Advanced Automation with DLL Injection

by on under automation
12 minute read

Sometimes, you need to capture text from a window in a business application that doesn’t export any controls to the Windows UI Automation or MSAA interfaces. You might be able to use OCR, depending on your toolkit, but what about when that fails?

We have two applications which both want to capture the same data. The vendor of Application A provided us with a tool that could capture the screen of Application B, parse out the keywords it needed, and enter them automatically in Application A. This worked great for a while, but something mysteriously changed and the OCR started capturing data unreliably. Most of the keywords would be correct, but every so often it would mis-translate part of an invoice number, sometimes so subtly that the end user didn’t notice.

This, of course, became a major headache, and so the hunt for a resolution began. After testing a few different options, we decided to learn some new technologies and roll our own replacement.

Hooking TextOuts

The screens of Application B, which had the data we needed to capture, were created with an in-house GUI framework that wasn’t enabled for Microsoft’s accessibility layer. This meant there weren’t any documented automation hooks to find the data we needed. But we knew it was possible, because we had another scripting solution that could fetch that data, so we decompiled that scripting software to look for clues as to how it managed the trick.

After searching function calls on Google for a few hours one evening, we figured out that the scripting software was hooking some low-level rendering methods that Application B used to render its text into a bitmap for displaying on the screen. We experimented a bit and found that we could do the same with EasyHook, a .NET library that does most of the hard work on the back end. Copying from their remote injection tutorial, we were able to create the main process and a DLL to inject into Application B.

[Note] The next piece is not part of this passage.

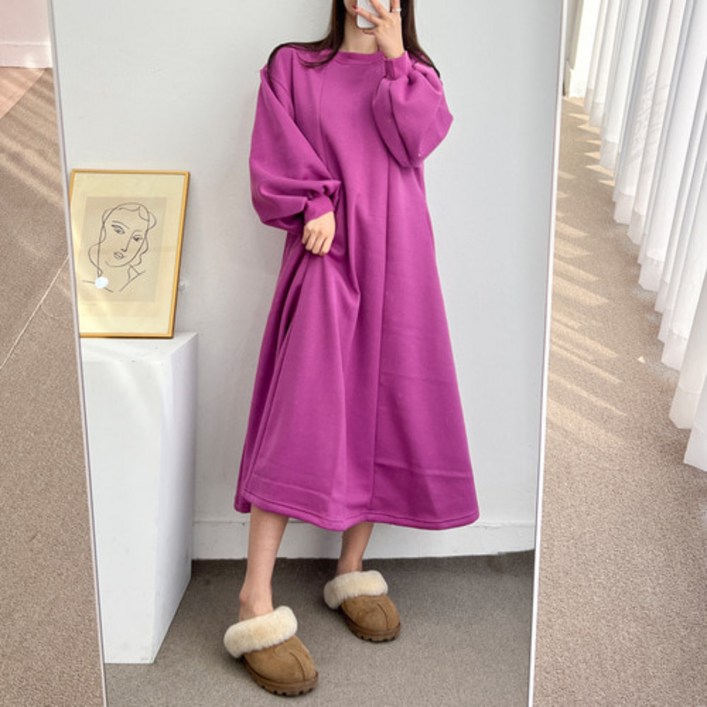 무배 기모 절개 벌룬 A라인 오버핏 롱 원피스 3color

It took a couple tries before we figured out the exact function used - DrawTextA - and set up an IPC client to send the captured text back to the main process.

Coordinates and Double Buffering

But of course it couldn’t be that easy: the coordinates our DrawTextA hook was sending back were all zeroes! It turns out that Application B was using double-buffering: writing the DrawTextA bitmap to a temporary device context, and then using BitBlt to write it to the screen. (This, it seems, is a common technique to prevent flickering.)

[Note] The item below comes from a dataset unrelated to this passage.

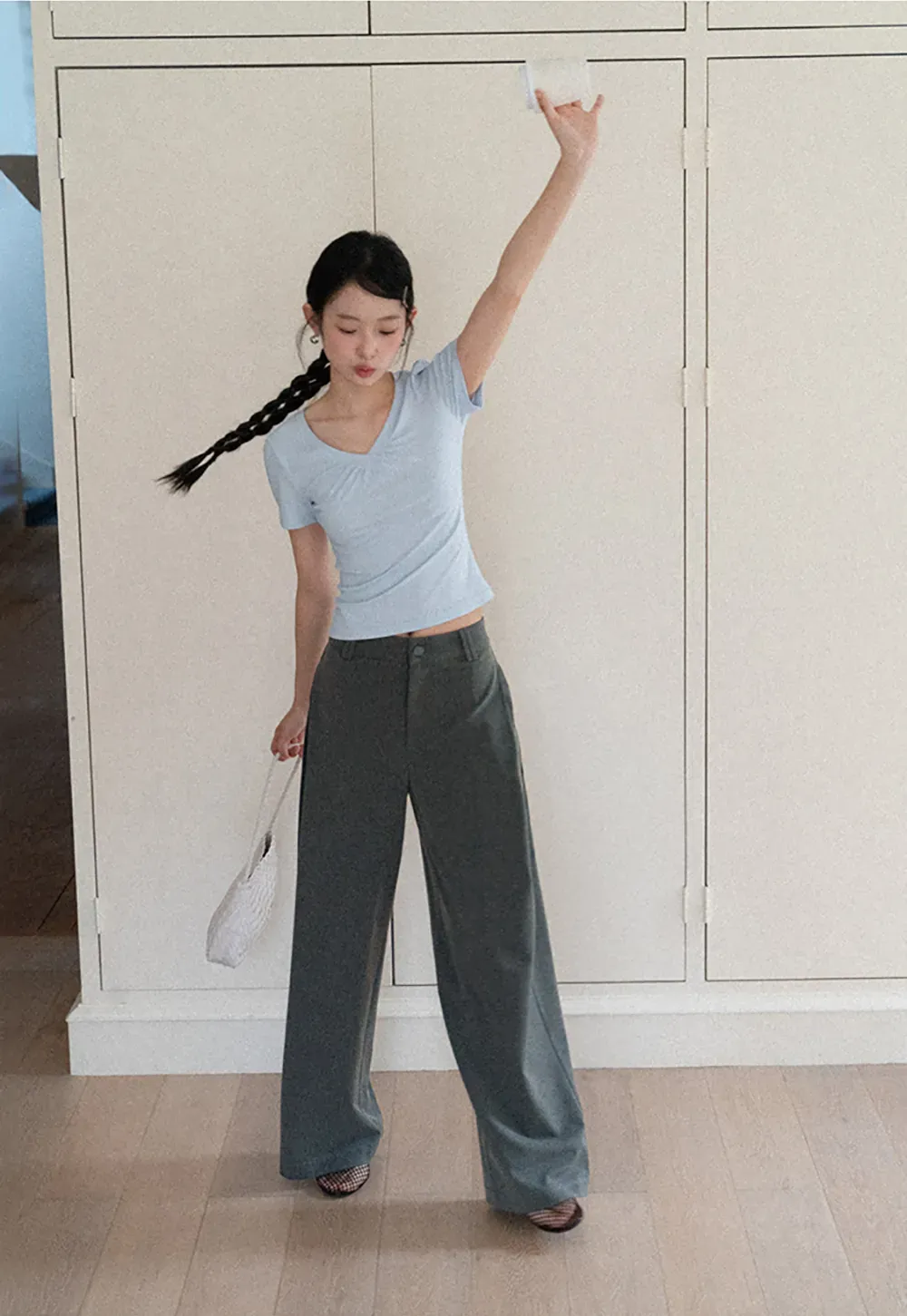 Wide Leg High Waist Casual Pants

We needed the coordinates to tell where on the window each “textout” was being displayed (so we could find the coordinates we were looking for). After a bit more research, it turned out the solution was simple: we modified the injected DLL from the earlier tutorial to track the temporary DCs seen by our DrawTextA hook, and then hooked BitBlt to capture the target coordinates when those temporary DCs were copied to the screen. At that point we forwarded the text and the real coordinates to the main process:

// Textout hook captures the DrawText() call to render text to a bitmap.
// Captured text is stored (indexed by dc) in the DC_List hashtable
static bool TextOut_Hooked(
    IntPtr hdc,
    IntPtr lpchText,
    int nCount,
    [In, Out] ref RECT lpRect,
    uint uFormat)
{
    try
    {
        Main This = (Main)HookRuntimeInfo.Callback;
        
        lock (This.DC_List)
        {
            var textoutString = new StringBuilder();
            // Since it's a fixed-length string (not null-terminated), 
            // read it into the StringBuilder one character at a time.
            for (var i = 0; i < nCount; i++)
            {
                textoutString.Append((char)Marshal.ReadByte(lpchText, i));
            }
            // Add it to the list of tracked textout DCs
            This.DC_List[hdc] = textoutString;
        }
    }
    catch
    {
    }

    // call original API...
    return DrawTextA(
            hdc,
            lpchText,
            nCount,
            ref lpRect,
            uFormat);
}

// BitBlt hook captures the command to draw the rendered bitmap to the window
// Extracts the target coordinates and forwards them (along with the associated
// text) to the main process
static bool BitBlt_Hooked(
    IntPtr hdcDest,
    Int32 nXDest,
    Int32 nYDest,
    Int32 nWidth,
    Int32 nHeight,
    IntPtr hdcSrc,
    Int32 nXSrc,
    Int32 nYSrc,
    UInt32 dwRop)
{
    try
    {
        Main This = (Main)HookRuntimeInfo.Callback;

        lock (This.DC_List)
        {
            if (This.DC_List.ContainsKey(hdcSrc))
            {
                // Bingo! Capture the coordinates and build the
                // message for the main thread                        
                StringBuilder textoutString = new StringBuilder();
                textoutString.Append(" (");
                textoutString.Append(nXDest);
                textoutString.Append(",");
                textoutString.Append(nYDest);
                textoutString.Append(",");
                textoutString.Append(nWidth);
                textoutString.Append(",");
                textoutString.Append(nHeight);
                textoutString.Append(") ");
                textoutString.Append(This.DC_List[hdcSrc]);

                // Remove the tracked DC from the list
                This.DC_List.Remove(hdcSrc);

                // And queue up to send back to the main process
                This.Queue.Enqueue(textoutString.ToString());
            }
        }
    }
    catch
    {
    }

    // call original API...
    return BitBlt(
            hdcDest,
            nXDest,
            nYDest,
            nWidth,
            nHeight,
            hdcSrc,
            nXSrc,
            nYSrc,
            dwRop);
}

Finding Targets

At this point the main process is receiving a list of strings that look something like this:

(100, 32, 57, 21) Invoice

It’s a simple enough matter to parse them out with a regex. But how can we reliably identify the target fields we’re looking for?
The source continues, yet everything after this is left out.